What you have to do: The reply should hold only the lines below beginning at the one with "fluor 105x105 - Qual" and ending at the one with "DÁNG MŨI SAU THÁO NẸP", copied exactly, with every picture left out.
************
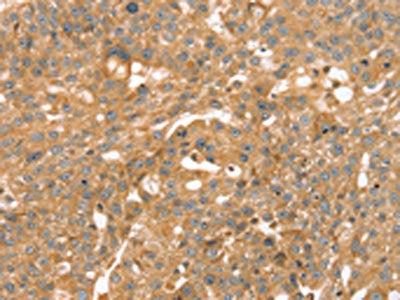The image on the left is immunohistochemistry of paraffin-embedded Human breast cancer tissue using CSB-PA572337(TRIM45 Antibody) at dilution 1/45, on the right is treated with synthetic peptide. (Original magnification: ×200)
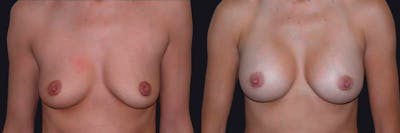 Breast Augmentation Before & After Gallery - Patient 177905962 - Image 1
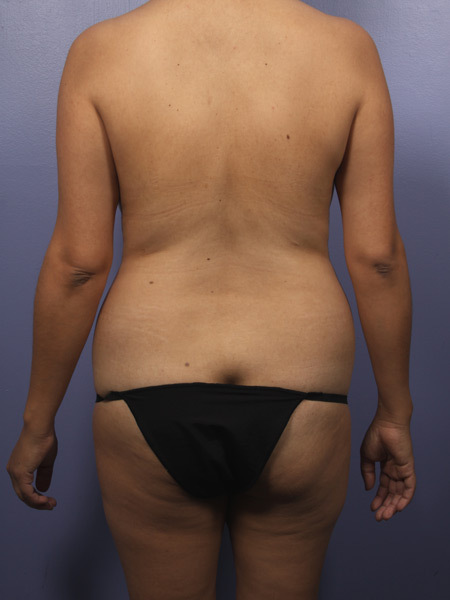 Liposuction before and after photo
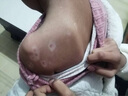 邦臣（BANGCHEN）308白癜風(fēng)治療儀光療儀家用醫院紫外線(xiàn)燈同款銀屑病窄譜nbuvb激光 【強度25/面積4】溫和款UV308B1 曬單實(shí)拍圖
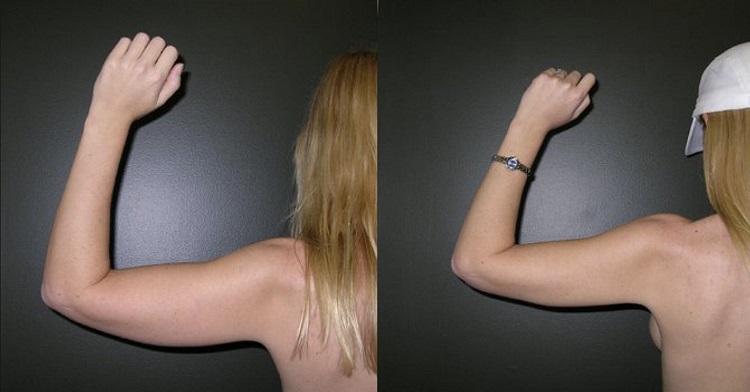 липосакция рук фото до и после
************
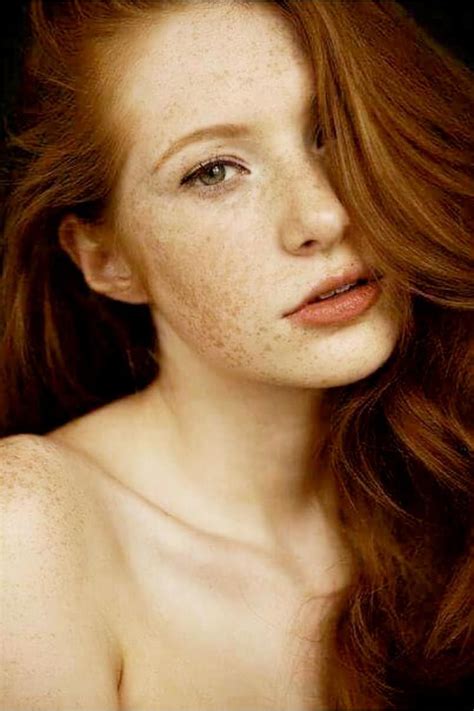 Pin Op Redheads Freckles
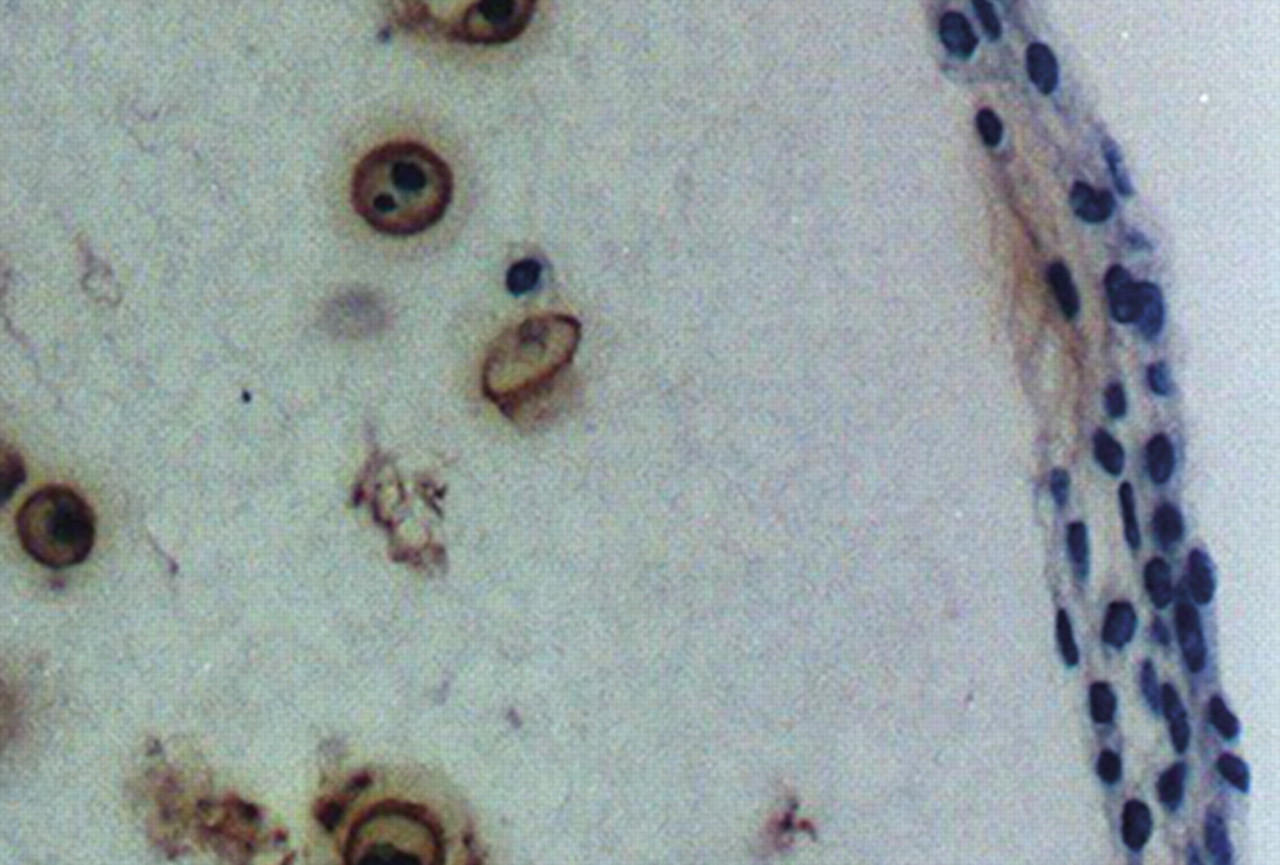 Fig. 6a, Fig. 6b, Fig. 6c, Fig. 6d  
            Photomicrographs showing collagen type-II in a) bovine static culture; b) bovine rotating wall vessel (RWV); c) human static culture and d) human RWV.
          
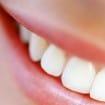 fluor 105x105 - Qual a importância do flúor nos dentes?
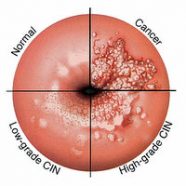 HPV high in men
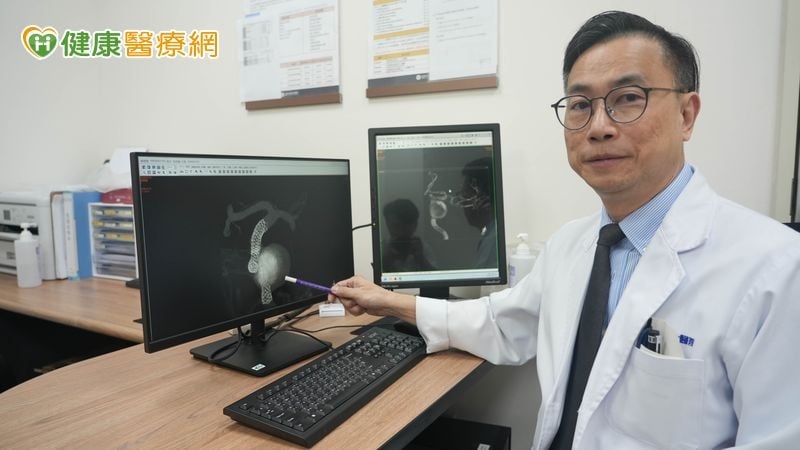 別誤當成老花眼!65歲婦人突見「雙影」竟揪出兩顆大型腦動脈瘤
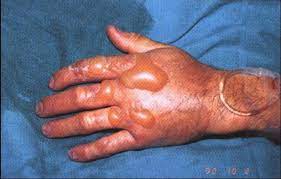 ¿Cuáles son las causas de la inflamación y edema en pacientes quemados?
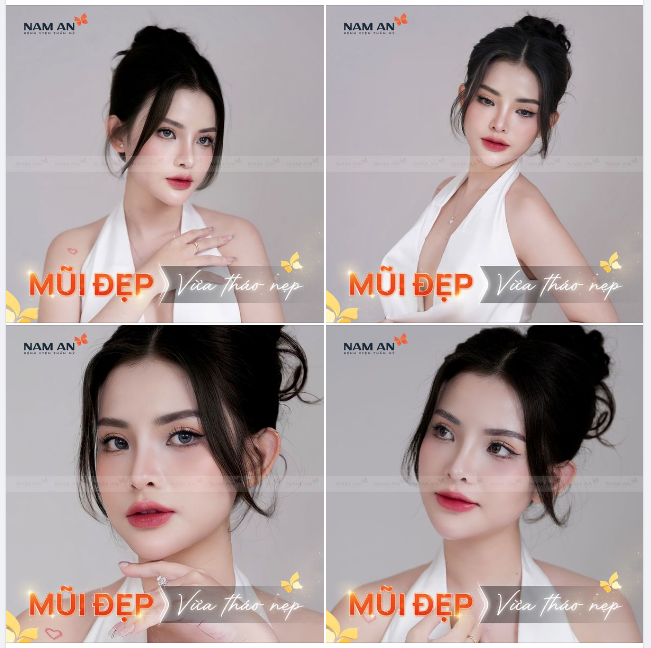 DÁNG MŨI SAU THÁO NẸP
************
Worked solution:
 fluor 105x105 - Qual a importância do flúor nos dentes?
 HPV high in men
 別誤當成老花眼!65歲婦人突見「雙影」竟揪出兩顆大型腦動脈瘤
 ¿Cuáles son las causas de la inflamación y edema en pacientes quemados?
 DÁNG MŨI SAU THÁO NẸP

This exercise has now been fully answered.